The Central Bank of Kenya (CBK) continues to reiterate that interest rate caps have undermined the conduct of the monetary policy Committee.
In its draft report, ‘The Impact of Interest Rate Capping on the Kenyan Economy’ that calls for public comments states that using bank-level data covering the period before and after the interest rate capping law, coupled with selected macroeconomic indicators, our analysis shows that interest rate caps have started to yield negative effects which include the following:
First and foremost, the capping of interest rates has infringed on the independence of the central bank and complicated the conduct of monetary policy. It is found that under the interest rate capping environment, monetary policy produces perverse outcomes.
Secondly, there is evidence of reduced financial intermediation by commercial banks, as exemplified by the significant increase in the average loan size arising from declining loans accounts, mainly driven by the large banks, thus shunning the smaller borrowers.
Thirdly, banks have shifted lending to Government and the large corporates. Whereas demand for credit immediately increased following the capping of lending rates, credit to the private sector has continued to decline.

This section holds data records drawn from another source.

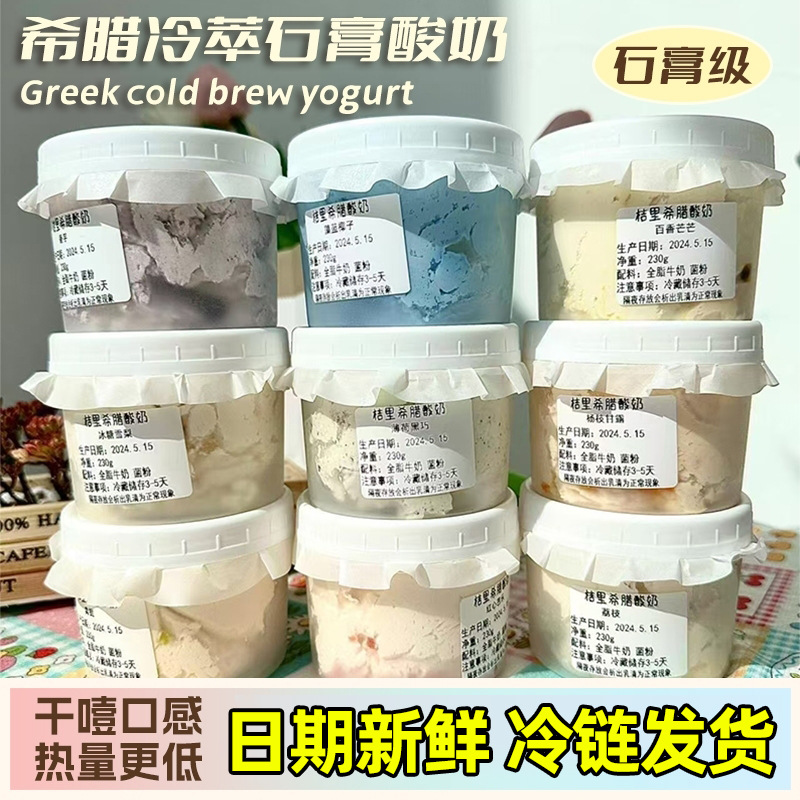 【양지만루+딸기】총 2캔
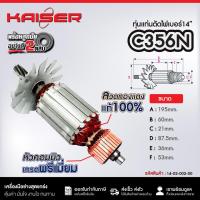 ราคา ทุ่นแท่นตัดไฟเบอร์ 14" KAISER FOR RYOBI #C356N (41010274606)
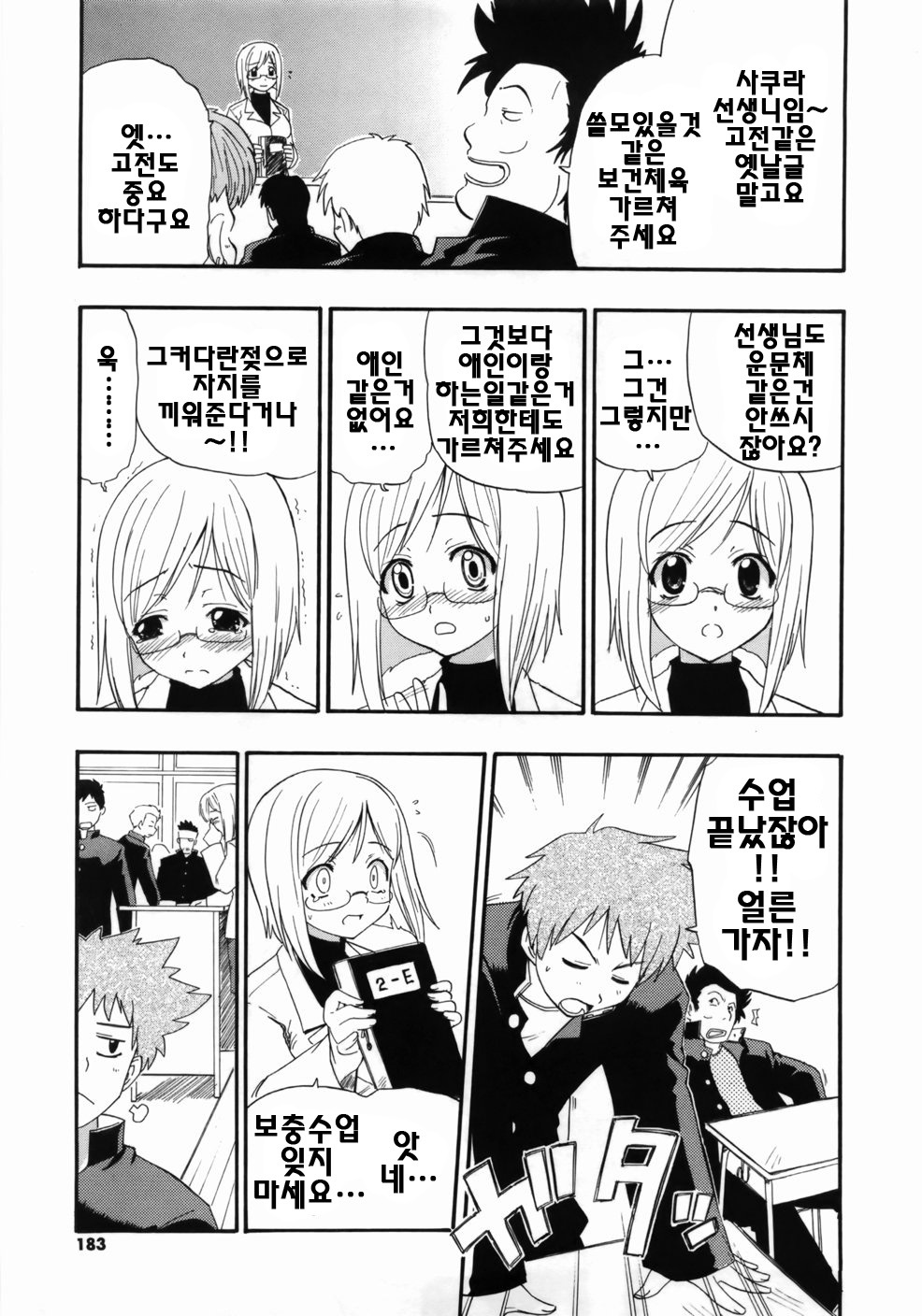 [Kikkawa Kabao] Kanzen Oppai Sengen | 완전 가슴 선언 [Korean] [팀☆면갤] page 185 full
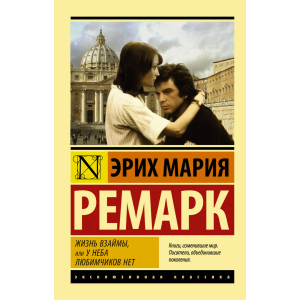 Життя в борг, або У неба улюбленців немає - Еріх Ремарк (9789669934819)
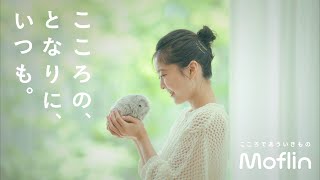 こころであういきもの【Moflin（モフリン）】Promotion Movie | CASIO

Fourthly, while the structure of revenue of the banks has started to shift away from interest income, some banks have exploited the existing approval limits to increase fees on loans in a bid to offset loss in interest income.
Fifth, although the banking sector remains resilient, small banks have experienced significant decline in profitability in recent months, which may complicate their viability.
Sixth, rationing out Micro, Small and Medium Enterprises (MSMEs) from the credit market by the commercial banks is estimated to have lowered growth in 2017 by 0.4 percentage points.
The Banking (Amendment) Law (2016) came into effect with the President’s assent on August 24th, 2016.
In January 2018 Dr.Patrick Njoroge, Governor CBK said “The interest rate caps have been acting as a brake to the economy. I don’t know if any of you have ever driven around with your brake still on. Eventually, something breaks.”
“The economy is being held back by this. And that is another set of issues we will bring to the fore and deal with so as to support, rather than inhibit economic dynamism in the economy,” he added post the Monetary Policy Committee meeting that left the policy rate unchanged at 10.00 per cent in its first meeting of the year maintaining its 17-month neutral policy stance.
In September 2016, the CBK Governor noted that Kenya’s decision to introduce caps was complicating monetary policy.
“Existing borrowers will benefit, but what happens to the risker borrowers at the margin? They may be cut off from lending. It’s unclear which way this will go. We haven’t done it before,” Njoroge had told reporters.
The limits on borrowing rates may result in a “perverse reaction” among banks and lead to riskier borrowers being cut off from lending, he said.
|Snapshot of Terms and Conditions Before and After Caps ( A Case of Tier 1 Bank)|
On the other hand, Cytonn Investments in 2017 stated that “The Banking (Amendment) Act 2015 has done more bad than good on the economy thus far, and if the situation is not arrested, could impact negatively on the economy.”
Besides Kenya being ranked as the fifteenth most attractive economy for investments flowing into the African continent, according to the latest Africa Investment Index 2016 by Quantum Global independent research arm, Quantum Global Research Lab, Prof Mthuli Ncube, Head of Quantum Global Research Lab states, “Supported by a stable macroeconomic environment, Kenya presents investors with relatively high exchange rate risk, low levels of liquidity and very low import cover.”
“However, going forward, the government policy of capping domestic interest rates is limiting growth on domestic credit to the private sector. This has the potential of being a drag on future economic growth, in an otherwise dynamic economy,” He adds.
Financial Times reported that the challenge, however, is with monetary and financial policy. Companies across the economy are suffering from the repercussions of a government-imposed cap on commercial interest rates.
On the other hand, the Central Bank Governor Dr. Patrick Njoroge says the banking sector has stabilized and strengthened underpinned by three pillars: enhanced transparency, stronger corporate governance and better business models.
And on the interest cap, in the African Business, April Issue he states that “We can’t say for sure how the interest cap will affect the banking sector, there is insufficient data available to us at the moment. What we can say for sure is that the average interest rates for the country have fallen.”
He adds that “Of course the cap will have an impact on profits, but they can still thrive without charging extortionately high-interest rates. We expect the cap will weaken bank’s balance sheets to a limited extent, but not dramatically.”
According to International Monetary Fund (IMF) mid-2017, sustained capping of commercial banks’ lending rates at 4 percentage points above the Central Bank of Kenya benchmark rate ‘if maintained, they could potentially pose a risk to financial stability,’ has warned.
“It is essential to remove these controls while taking steps to prevent predatory lending and increase competition and transparency of the banking sector.”
In the draft report, the CBK states “Going forward, under the interest rate capping regime, there is no guarantee the central bank will be able to achieve its intended objectives.”